__Required work__. Please set down each of the lines below once more, exactly, omitting all pictures.

__Supplied material__.

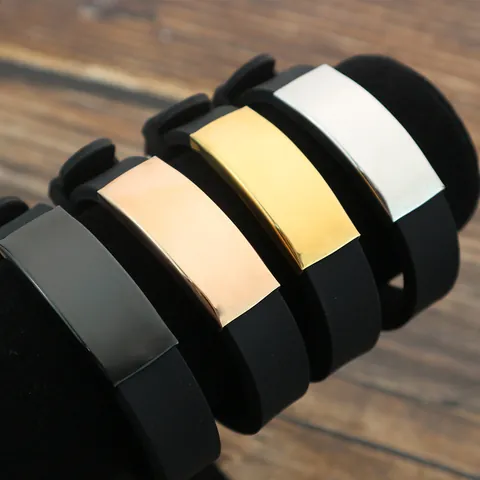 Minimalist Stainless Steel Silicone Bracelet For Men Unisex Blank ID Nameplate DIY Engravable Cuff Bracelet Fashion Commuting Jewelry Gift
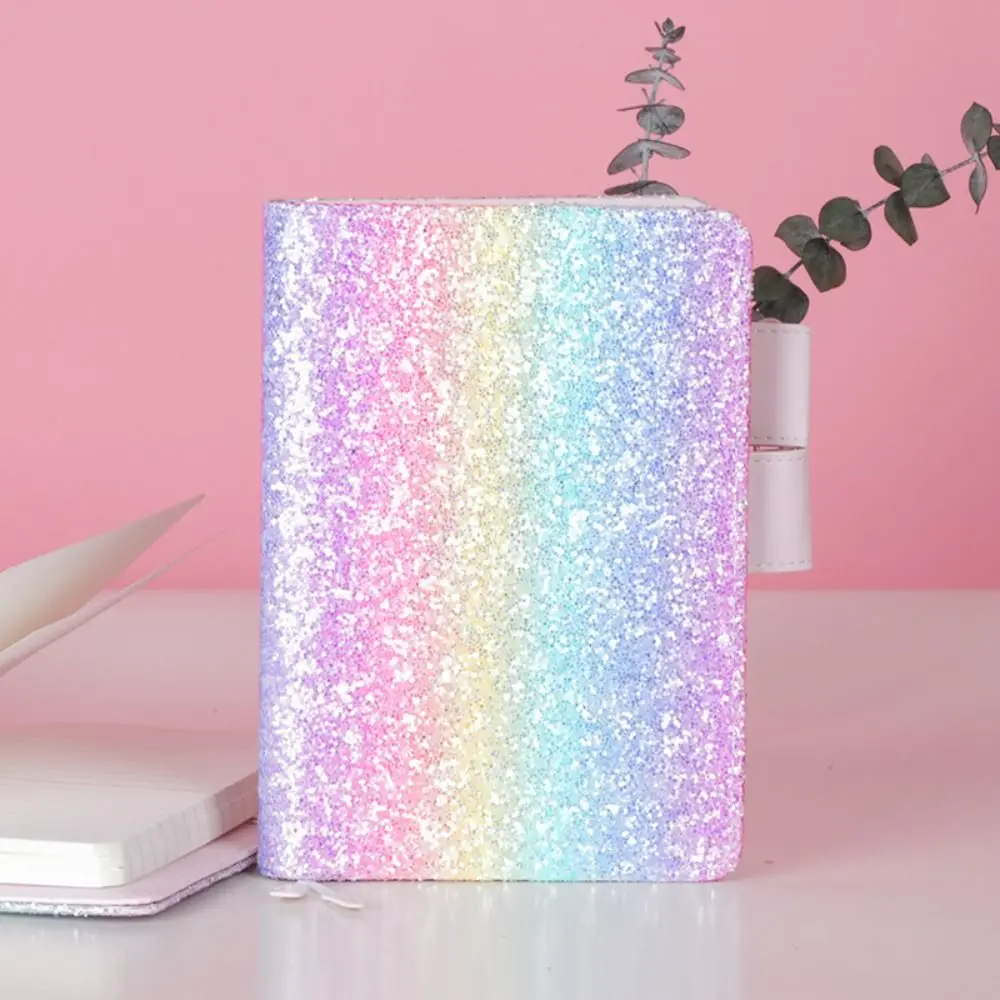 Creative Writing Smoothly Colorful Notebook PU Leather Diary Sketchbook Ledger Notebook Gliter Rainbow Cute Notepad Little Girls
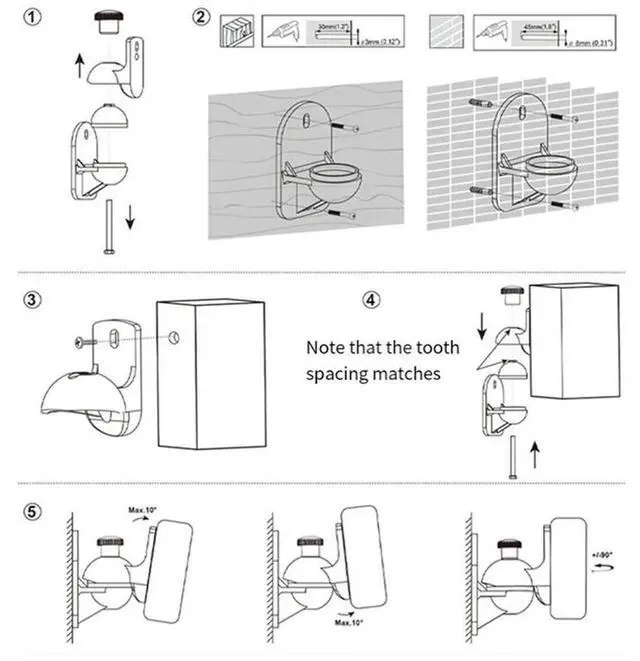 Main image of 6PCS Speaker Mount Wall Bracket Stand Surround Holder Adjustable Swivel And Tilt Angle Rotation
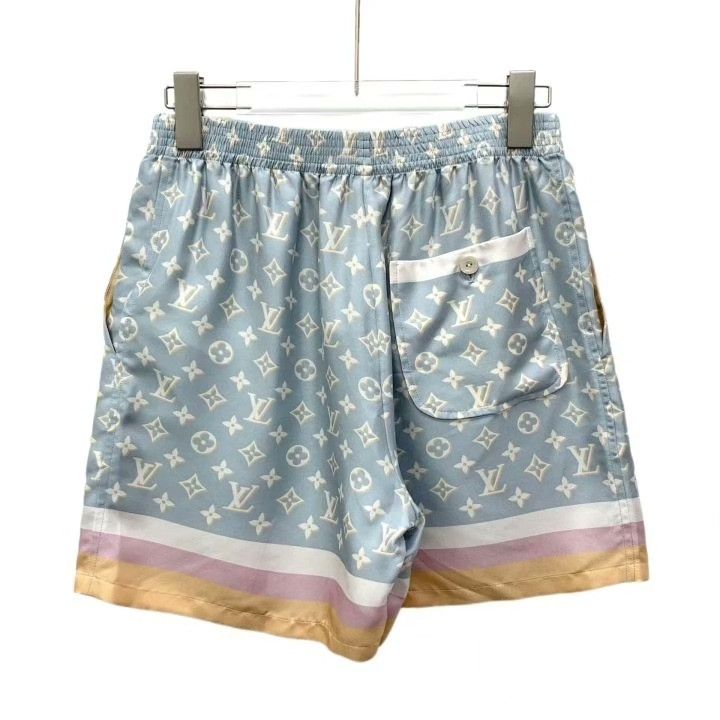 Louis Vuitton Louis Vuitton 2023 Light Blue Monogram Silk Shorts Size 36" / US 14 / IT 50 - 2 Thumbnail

__Expected output__.
 Minimalist Stainless Steel Silicone Bracelet For Men Unisex Blank ID Nameplate DIY Engravable Cuff Bracelet Fashion Commuting Jewelry Gift
 Creative Writing Smoothly Colorful Notebook PU Leather Diary Sketchbook Ledger Notebook Gliter Rainbow Cute Notepad Little Girls
 Main image of 6PCS Speaker Mount Wall Bracket Stand Surround Holder Adjustable Swivel And Tilt Angle Rotation
 Louis Vuitton Louis Vuitton 2023 Light Blue Monogram Silk Shorts Size 36" / US 14 / IT 50 - 2 Thumbnail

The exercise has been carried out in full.